**Task item:**
All of the records below are to be printed exactly; the pictures are to be left out.

[Recorded information — start]

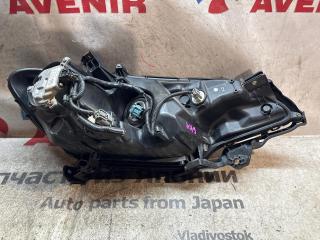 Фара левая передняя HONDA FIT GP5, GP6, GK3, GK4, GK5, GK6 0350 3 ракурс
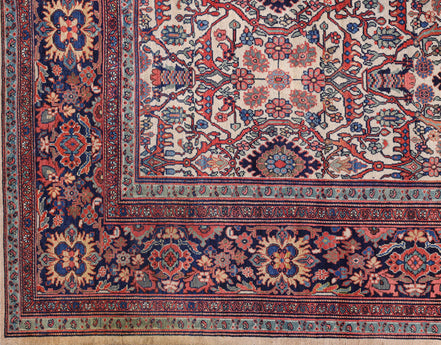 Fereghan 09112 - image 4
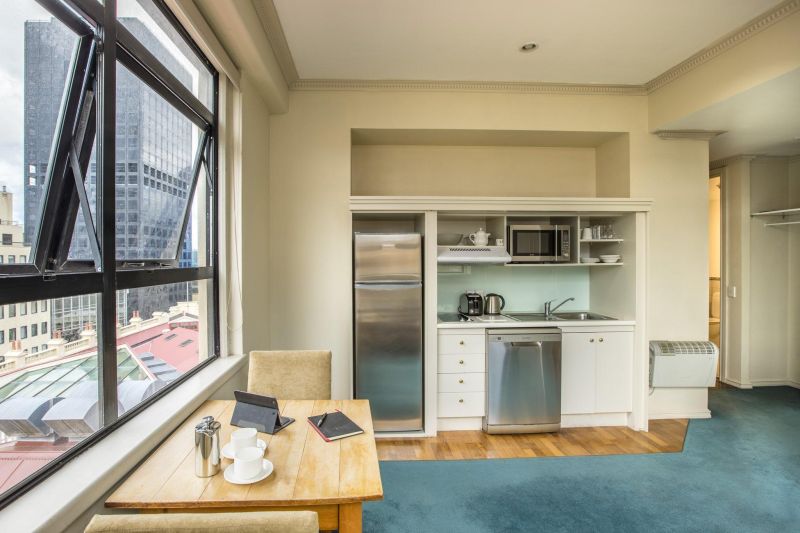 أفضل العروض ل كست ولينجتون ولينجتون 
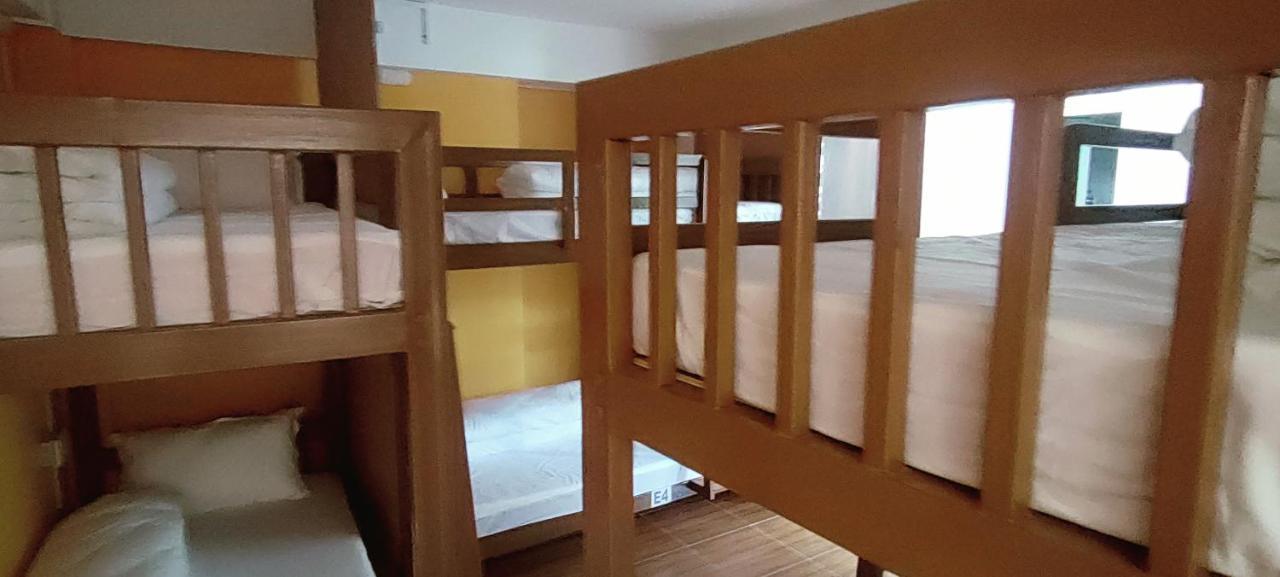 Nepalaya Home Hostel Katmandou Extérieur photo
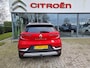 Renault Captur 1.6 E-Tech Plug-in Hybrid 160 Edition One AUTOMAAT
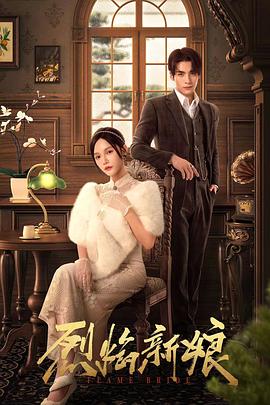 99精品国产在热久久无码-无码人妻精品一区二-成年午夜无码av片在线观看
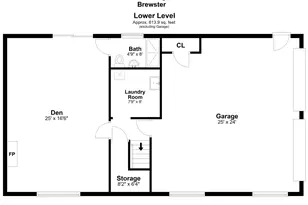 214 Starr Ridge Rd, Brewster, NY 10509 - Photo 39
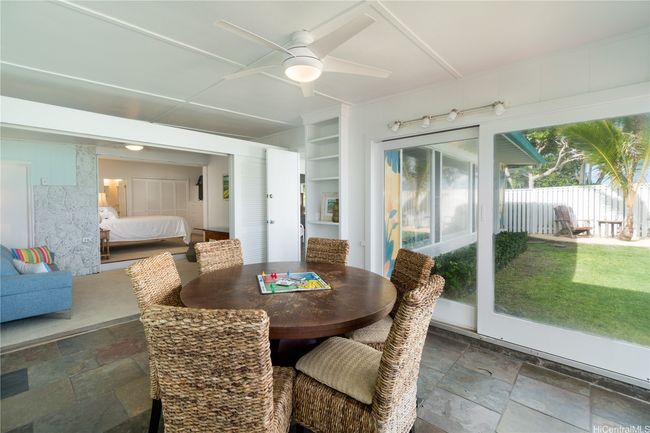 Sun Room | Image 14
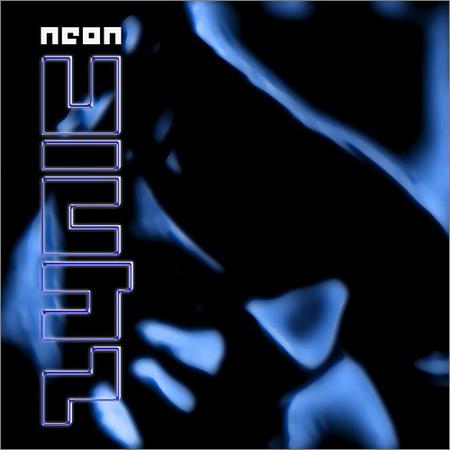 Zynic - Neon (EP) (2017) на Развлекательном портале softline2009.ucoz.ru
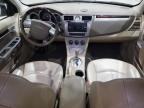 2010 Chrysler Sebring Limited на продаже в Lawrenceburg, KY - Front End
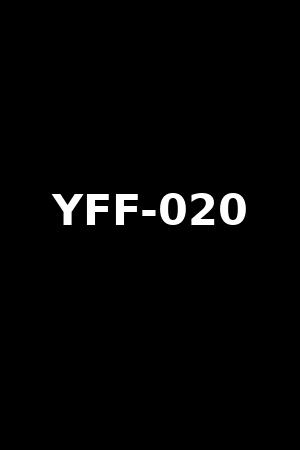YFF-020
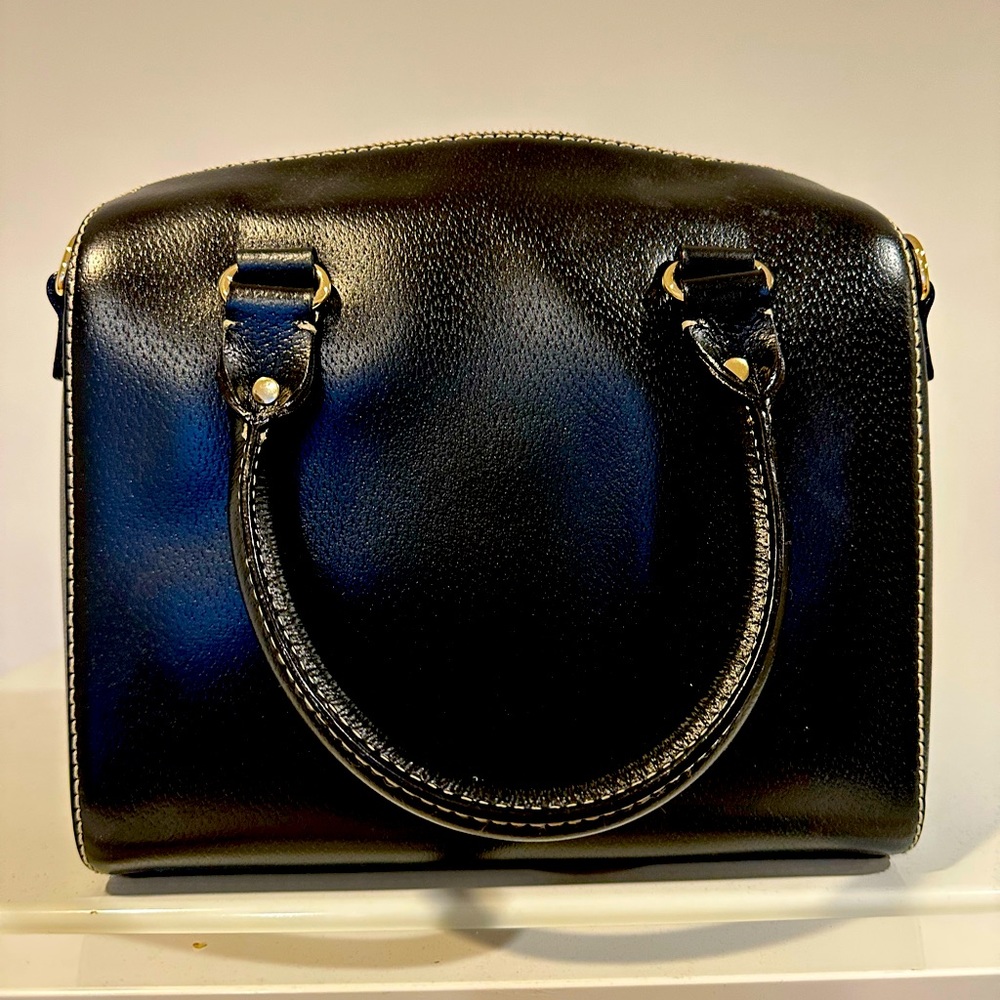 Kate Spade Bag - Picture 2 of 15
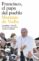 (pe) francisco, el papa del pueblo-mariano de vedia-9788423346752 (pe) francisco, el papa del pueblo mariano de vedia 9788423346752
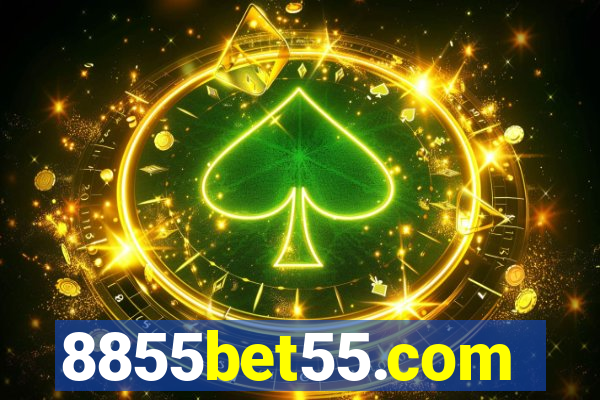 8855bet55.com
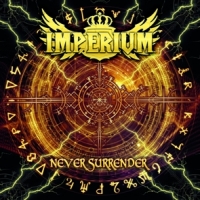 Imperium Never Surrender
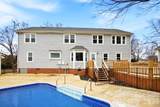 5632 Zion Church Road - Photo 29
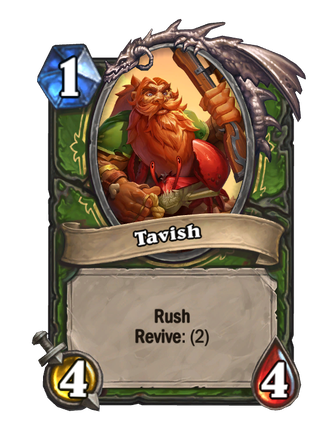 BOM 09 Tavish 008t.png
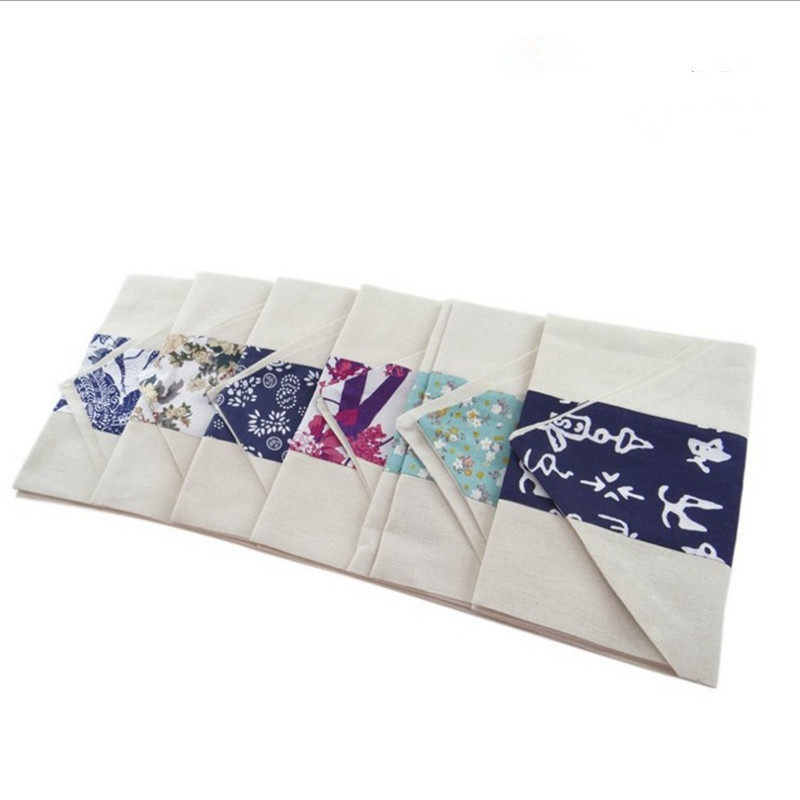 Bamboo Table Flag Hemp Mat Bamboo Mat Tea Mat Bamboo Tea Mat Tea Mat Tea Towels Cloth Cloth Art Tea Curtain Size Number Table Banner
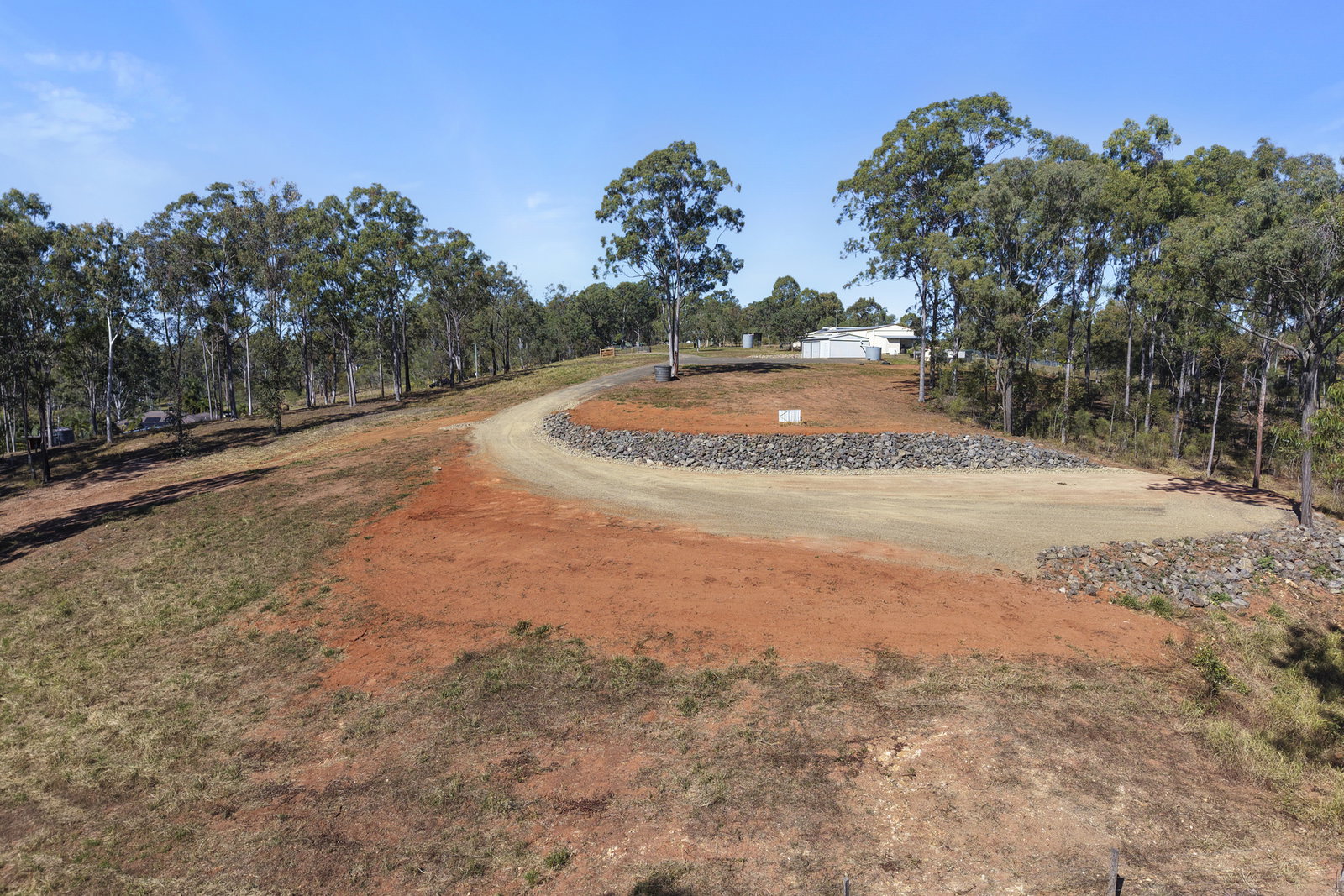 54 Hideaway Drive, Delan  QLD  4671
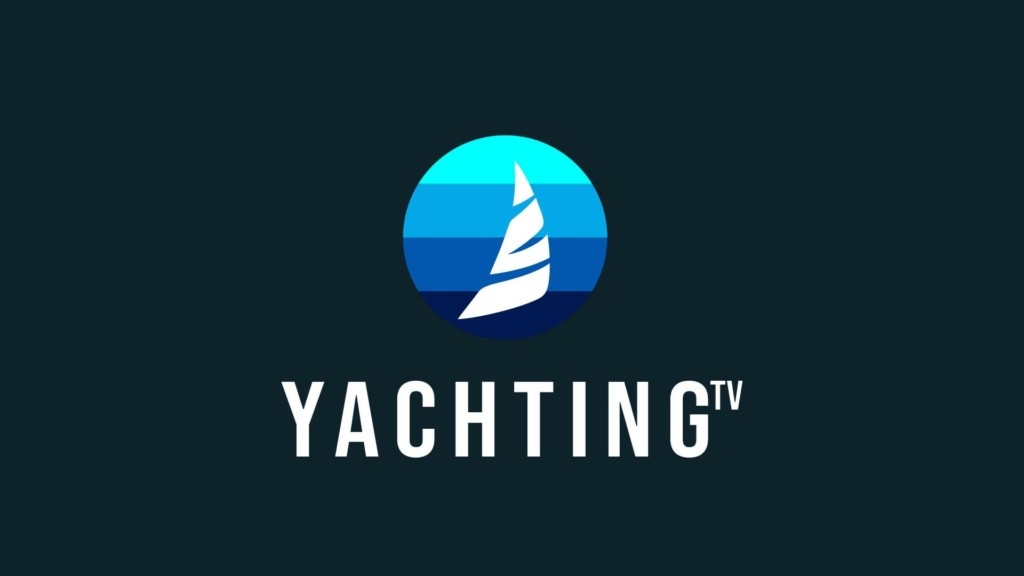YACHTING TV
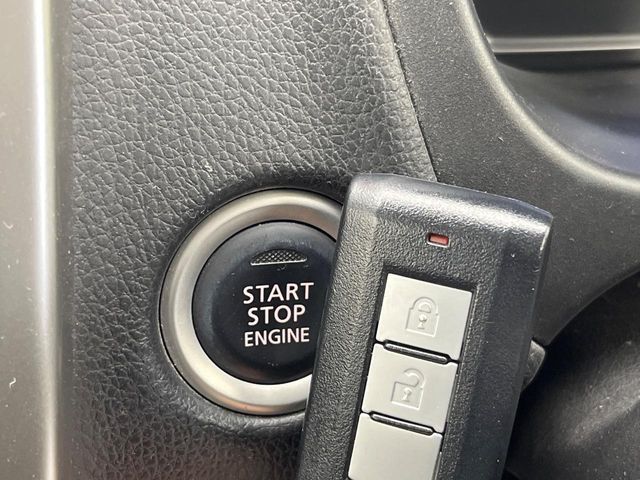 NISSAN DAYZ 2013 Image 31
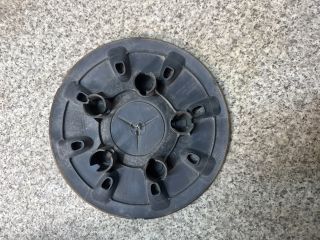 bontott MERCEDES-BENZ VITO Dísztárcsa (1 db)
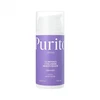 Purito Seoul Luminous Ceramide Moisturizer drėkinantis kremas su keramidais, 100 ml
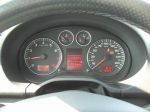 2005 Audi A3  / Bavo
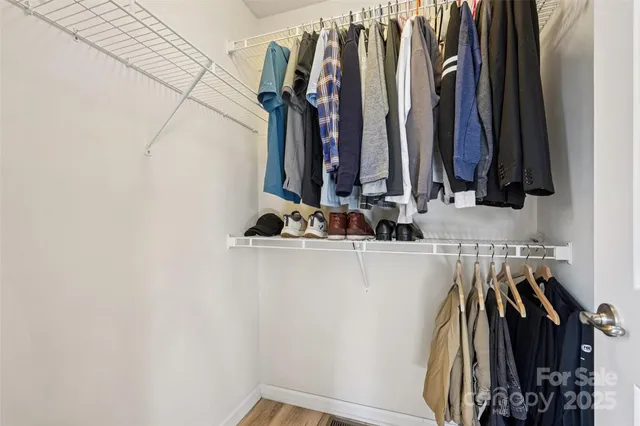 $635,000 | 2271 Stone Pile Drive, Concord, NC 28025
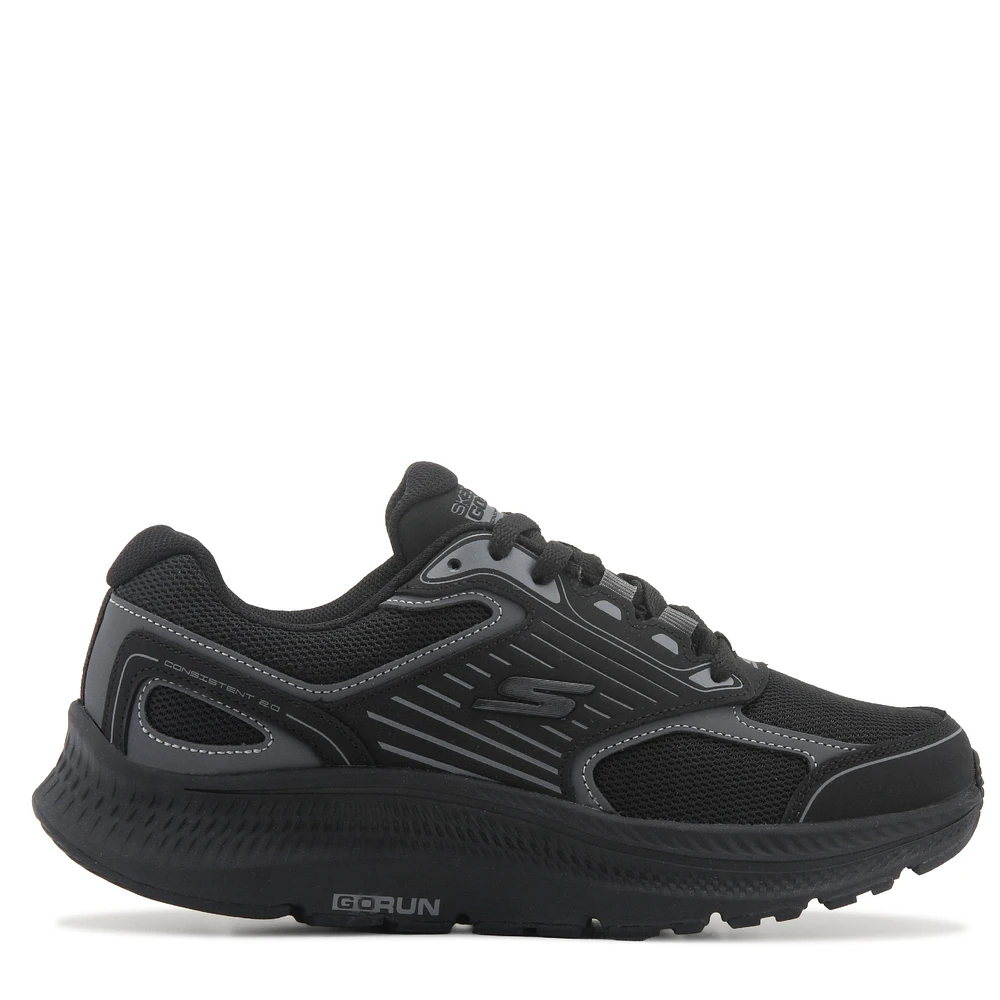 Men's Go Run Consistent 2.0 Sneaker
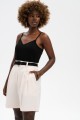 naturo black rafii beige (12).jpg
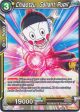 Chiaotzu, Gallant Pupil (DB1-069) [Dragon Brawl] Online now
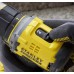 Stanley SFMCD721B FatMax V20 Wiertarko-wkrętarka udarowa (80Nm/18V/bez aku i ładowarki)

[Recorded information — finish]

**Completed exercise:**
 Фара левая передняя HONDA FIT GP5, GP6, GK3, GK4, GK5, GK6 0350 3 ракурс
 Fereghan 09112 - image 4
 أفضل العروض ل كست ولينجتون ولينجتون 
 Nepalaya Home Hostel Katmandou Extérieur photo
 Renault Captur 1.6 E-Tech Plug-in Hybrid 160 Edition One AUTOMAAT
 99精品国产在热久久无码-无码人妻精品一区二-成年午夜无码av片在线观看
 214 Starr Ridge Rd, Brewster, NY 10509 - Photo 39
 Sun Room | Image 14
 Zynic - Neon (EP) (2017) на Развлекательном портале softline2009.ucoz.ru
 2010 Chrysler Sebring Limited на продаже в Lawrenceburg, KY - Front End
YFF-020
 Kate Spade Bag - Picture 2 of 15
 (pe) francisco, el papa del pueblo-mariano de vedia-9788423346752 (pe) francisco, el papa del pueblo mariano de vedia 9788423346752
 8855bet55.com
 Imperium Never Surrender
 5632 Zion Church Road - Photo 29
 BOM 09 Tavish 008t.png
 Bamboo Table Flag Hemp Mat Bamboo Mat Tea Mat Bamboo Tea Mat Tea Mat Tea Towels Cloth Cloth Art Tea Curtain Size Number Table Banner
 54 Hideaway Drive, Delan  QLD  4671
YACHTING TV
 NISSAN DAYZ 2013 Image 31
 bontott MERCEDES-BENZ VITO Dísztárcsa (1 db)
 Purito Seoul Luminous Ceramide Moisturizer drėkinantis kremas su keramidais, 100 ml
 2005 Audi A3  / Bavo
 $635,000 | 2271 Stone Pile Drive, Concord, NC 28025
 Men's Go Run Consistent 2.0 Sneaker
 naturo black rafii beige (12).jpg
 Chiaotzu, Gallant Pupil (DB1-069) [Dragon Brawl] Online now
 Stanley SFMCD721B FatMax V20 Wiertarko-wkrętarka udarowa (80Nm/18V/bez aku i ładowarki)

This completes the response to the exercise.